For the past several years, I’ve made a habit of clipping interesting articles about Product Management.  A friend recently asked for reading suggestions, so I thought I’d share my favorites here.

Be a Great Product Leader (Adam Nash) – This recent favorite concisely breaks down the role of a Product Manager into three key responsibilities; product strategy, prioritization, and execution.  It’s hard to argue with these three.  On prioritization: “At any company with great talent, there will be a surplus of good ideas…As a result, brutal prioritization is a fact of life.”  On execution: “In the end, product managers ship, and that means that product managers cover whatever gaps in the process that need to be covered.”

What Makes Someone a Great Product Manager at Google? (Quora answer by Edward Ho) – This response by an engineer at Google had two recommendations that jumped out at me.  First, “be an engineer.  I don’t mean that you actually need to be coding the product.  I mean you should be curious about how the product is built  as if you were an engineer.” If you’re not curious in how the thing you manage works, you’re not doing it right.

Second, Edward calls on Product Managers to be “[f]earless…the best PMs will speak to founders the same way they speak to engineers.”  Product Managers need to have the ability to “influence without authority” (to quote an old business school professor).  They are often lower in the organizational chart than the people who are looking to them to make important calls.  A good product manager can’t be intimated by this.

Why it doesn’t matter where Product Management lives in the Organization (The Cranky Product Manager) – I firmly agree with Cranky’s thesis on this.  I’ve worked for three separate product organizations.  The first two reported up through marketing and the current one reports up through engineering.  When product management is done correctly, it straddles both the business and technical teams so which ever one it formally reports to doesn’t matter.

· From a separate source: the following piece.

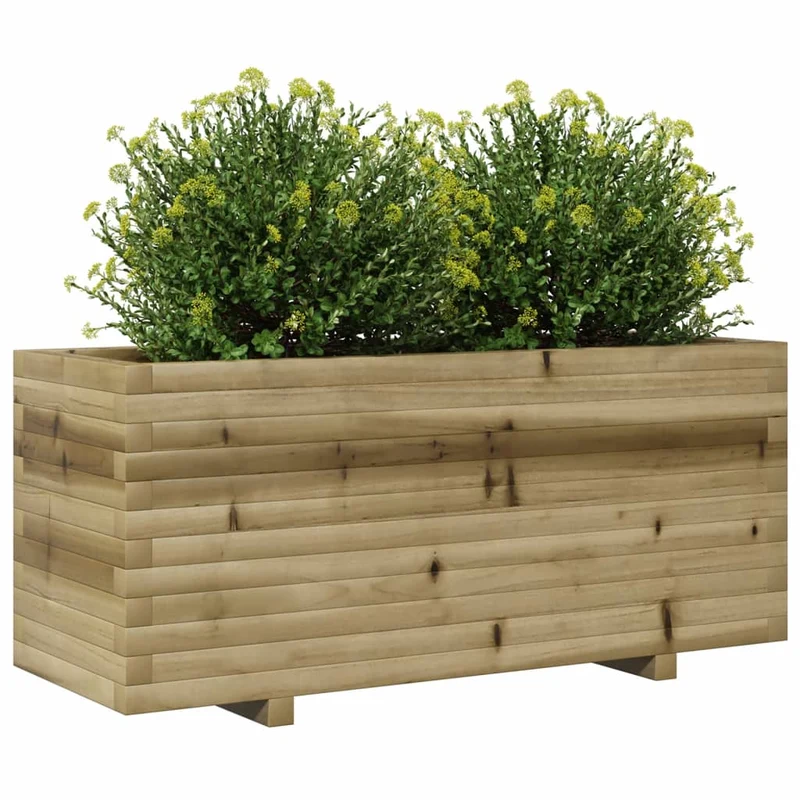 Jardinera Madera De Pino Impregnada 110x40x49,5 Cm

“The assumption is that if we sit in Engineering we’ll be too spineless and too tunnel-visioned to focus on the customer, market problems, issues for the field, the competition, or market positioning.  But if we sit in Marketing that we’ll be so focused on empty soundbites and website color schemes that we won’t be able to give Development detailed enough requirements, that we’ll conjure up product features that can’t possibly be built (a la Warp Drive), and that we’ll stare vacantly into space instead of considering technical extension points (i.e. APIs) for our products.”

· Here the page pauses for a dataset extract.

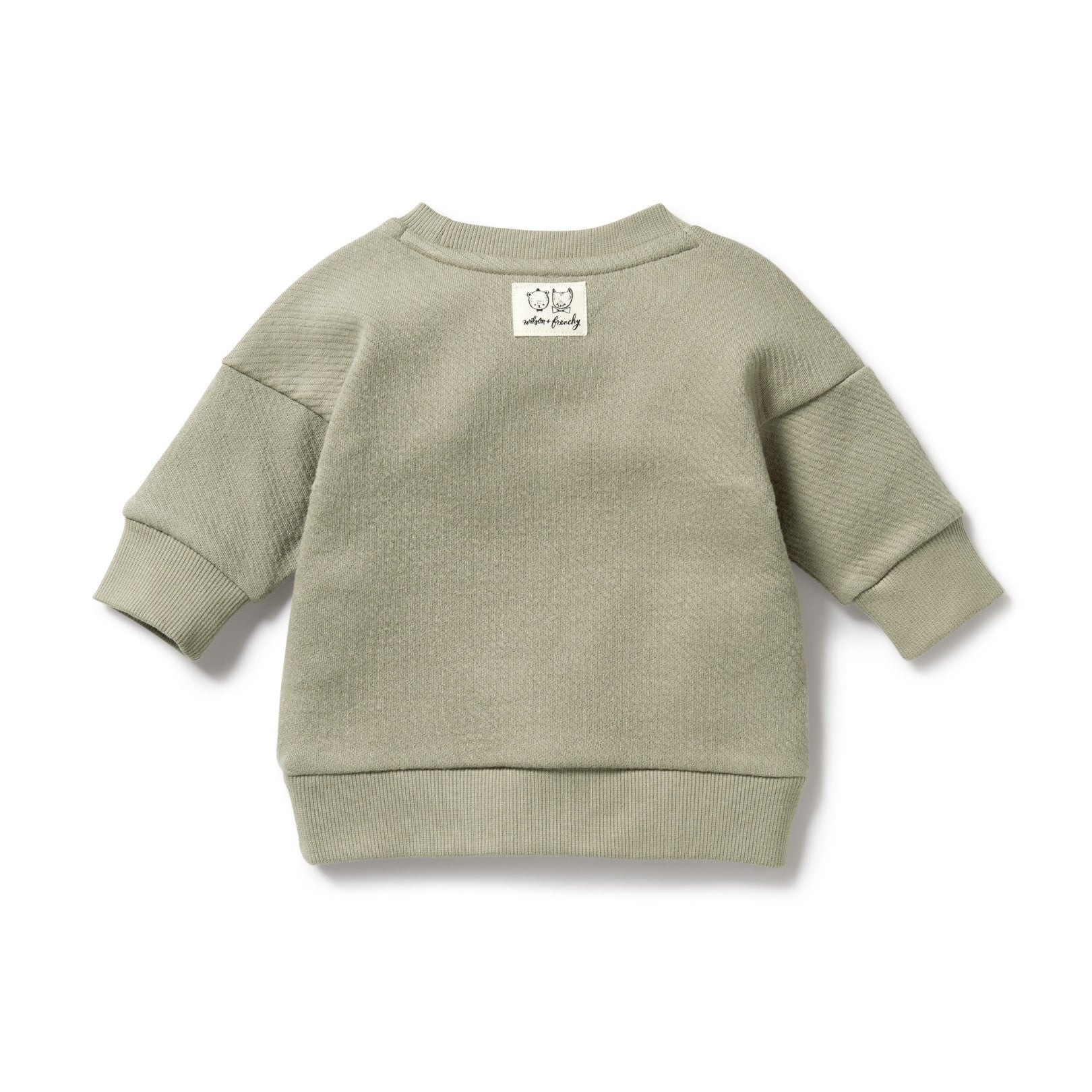 Organic Quilted Sweat - Oak - Image 3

Frankly, anything by the CrankyPM is pretty good reading.

You Can Build it, but Can You Sell and Support It? (Saeed Khan) – Saeed has a great answer for the question “should sales and execution capabilities be taken into account for a product’s strategy.”  This needs to be a resounding “Yes.”  If you are developing a high price, high margin, complex product that requires high touch after sales support, you better have the capability to deliver that support.  The product strategy needs to fit within the companies core capabilities.

How Do Awful Products Get Shipped (Quora answer by Michael Wolfe) – We’ve all seen products that have been released before they were ready and wondered “how did that happen?”  Michael lists some of the organizational pressures and dynamics that can cause this to happen including: “If you don’t ship, the project will get cancelled and you’ll lose your funding anyway.”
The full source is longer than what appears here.